Pembangunan Batalyon TNI Terus Berlanjut: Mualem Diam, DPRA Bungkam!
Banda Aceh, Infoaceh.net –Dalam sejarah politik Aceh modern, ada satu kata kunci yang selalu menjadi titik simpul antara harapan dan kecurigaan: perdamaian.
Setelah konflik berkepanjangan yang menewaskan ribuan orang dan menghancurkan sendi-sendi masyarakat, rakyat Aceh memilih jalan damai pada 2005 melalui MoU Helsinki.
Perjanjian itu bukan sekadar dokumen politik, tetapi kontrak moral antara rakyat Aceh dan Republik Indonesia—bahwa konflik telah usai, dan bahwa Aceh akan diatur secara khusus dan bermartabat melalui UUPA (Undang-undang Pemerintahan Aceh).
Namun 20 tahun setelah MoU Helsinki diteken, bayangan militerisasi kembali menampakkan wajahnya.
Bayangan masa lalu yang tiba-tiba hadir dalam bentuk pembangunan lima batalyon TNI baru di beberapa wilayah Aceh.
Yang lebih mencemaskan, adalah kebisuan para pemimpin lokal, termasuk Gubernur Aceh Muzakir Manaf atau Mualem, sosok yang selama ini dikenal lantang bersuara tentang hak-hak rakyat Aceh.
Hingga kini, tidak ada satu pun pernyataan dari Mualem menolak tambahan batalyon TNI ini—padahal pembangunan tersebut dinilai banyak pihak sebagai pelanggaran serius terhadap MoU Helsinki 2005.

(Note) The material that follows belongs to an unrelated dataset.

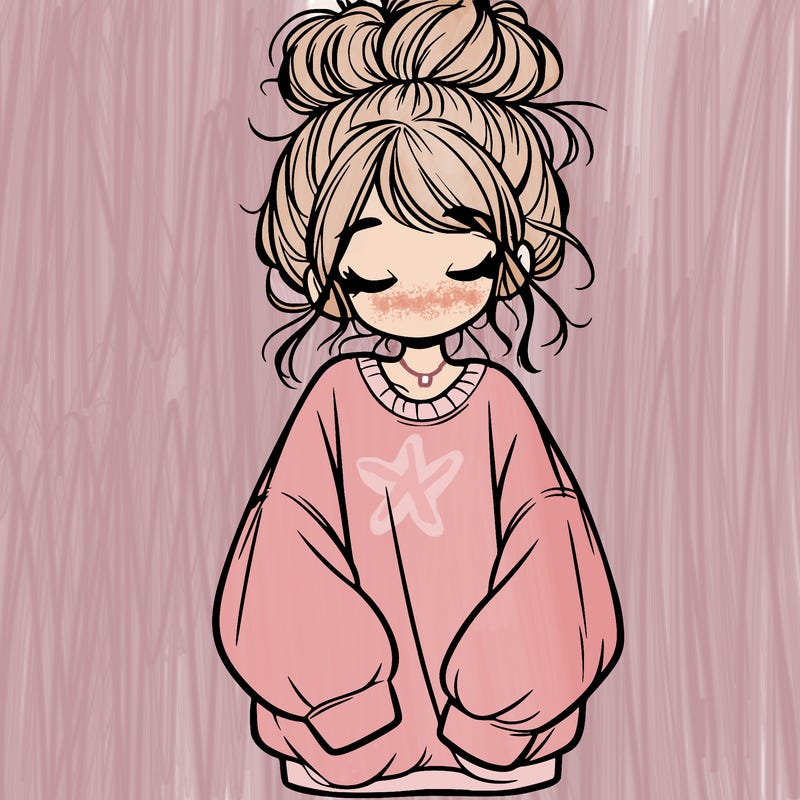 girl with baggy sweatshirt and messy bun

Ironisnya, dalam kasus sengketa tanah wakaf Blang Padang Banda Aceh, Mualem tampil tegas dan bahkan menyurati Presiden Prabowo Subianto. Tapi, dalam kasus pembangunan fasilitas militer baru yang berdampak sistemik terhadap perdamaian dan otonomi Aceh, ia memilih diam.
Pada 7 Juli 2025, ratusan massa yang tergabung dalam Gerakan Rakyat Aceh Menggugat turun ke jalan, memadati depan Kantor Gubernur Aceh. Mereka membawa spanduk penolakan dan menyuarakan dua tuntutan: pengembalian lahan wakaf Blang Padang dan pembatalan pembangunan batalyon TNI.

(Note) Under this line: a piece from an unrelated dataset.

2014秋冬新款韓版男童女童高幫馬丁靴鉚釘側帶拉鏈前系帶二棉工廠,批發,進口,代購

Namun, suara mereka tak masuk ke ruang rapat pemerintah. Jalanan diblokade, dan aksi hanya dibalas oleh pagar kawat dan aparat.

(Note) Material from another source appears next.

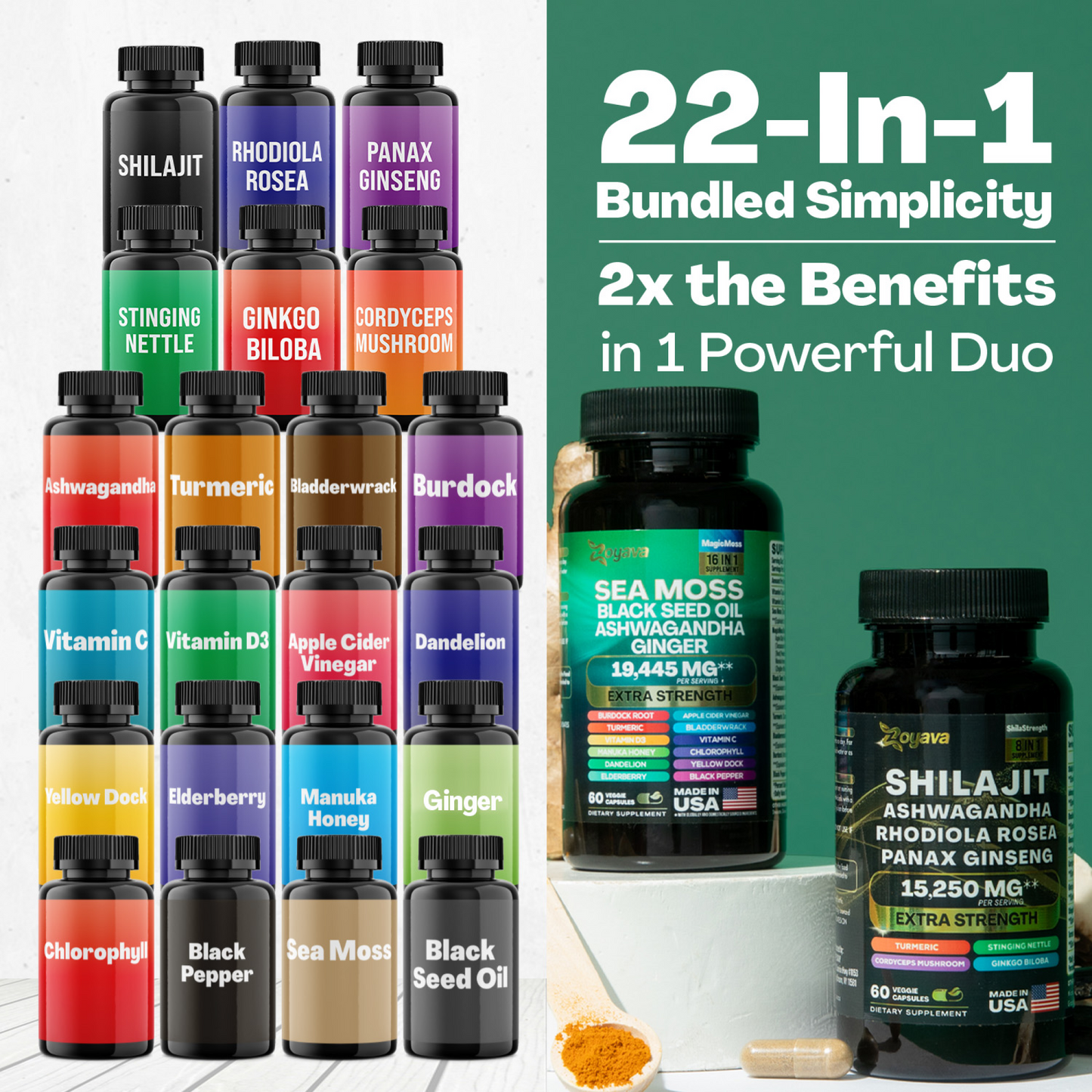 Zoyava™ Vitality Boost Duo: Sea Moss 16-in-1 Magic Moss & Shilajit Power ShilaStrength Blend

Koordinator aksi, Yulindawati, mengingatkan bahwa tanah Blang Padang merupakan wakaf Sultan Iskandar Muda, bukan tanah negara. Ia juga menyatakan bahwa pembangunan lima batalyon baru adalah bentuk pelecehan terhadap kesepakatan damai yang sudah dijaga selama dua dekade.